ELECTRONIC products firm Jabil is pulling out of Dublin with the loss of its 75-strong workforce.
The company said yesterday that the decision was taken for cost reasons.
The decision comes when the cost of doing business in Ireland is becoming an increasing worry for multinationals and indigenous industry alike.
"Jabil's Dublin operations' current cost structure does not meet market requirements, therefore Jabil proposes to close the site," the company said.
"As a result of this announcement we will now enter into formal consultation regarding this proposal."
A spokeswoman for the company would not comment yesterday as to whether the jobs are being outsourced to a lower cost economy.
Last March Jabil, which repairs circuit boards for the electronics industry, confirmed that it was seeking 65 redundancies.
Recently the Irish Business and Employers Confederation's (IBEC) third national survey claimed that the cost of doing business in Ireland is now "spiralling out of control and threatening the viability of both indigenous and multinational companies".

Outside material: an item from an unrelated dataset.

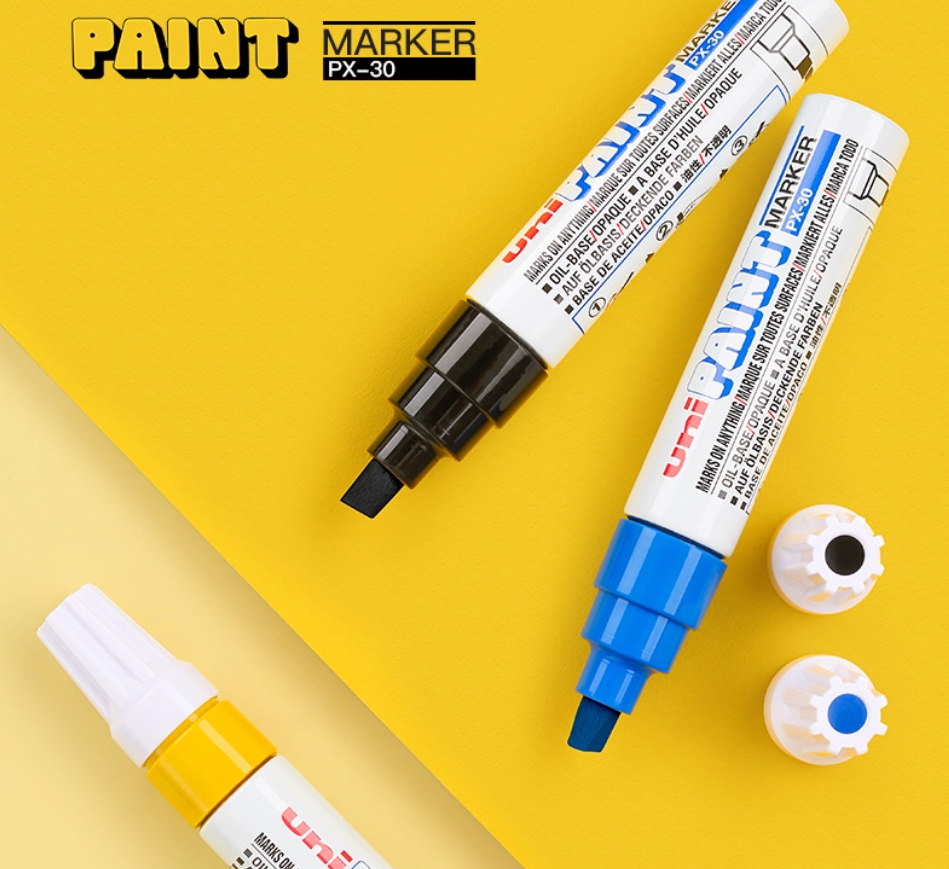 Uni-Paint Oil Based Paint Marker Pens PX-30 7 Colors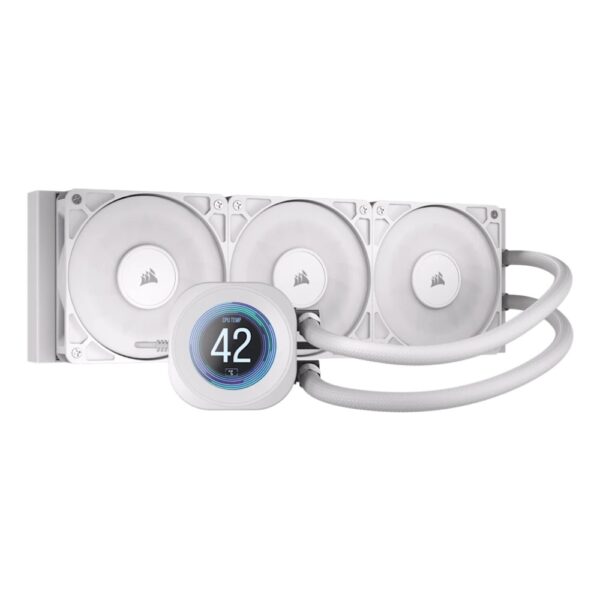 Corsair Nautilus 360 RS All-in-One Liquid Cooler for Intel & AMD, 3x 12cm Fans, White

According to IBEC, the Irish economy lost somewhere in the region of 6,000 jobs in the first three months of 2006.
The results of the survey, which tracks the rate of increase in 11 business cost headings over the two years 2004 to 2005, indicate that costs are rising at more than three times the rate of inflation.
"Increases of this scale are both indefensible and unsustainable," said Brendan Butler, IBEC director of enterprise. "Unless meaningful action is taken to address this imbalance, the ability of Irish business to compete will be seriously threatened and this will ultimately put jobs at risk."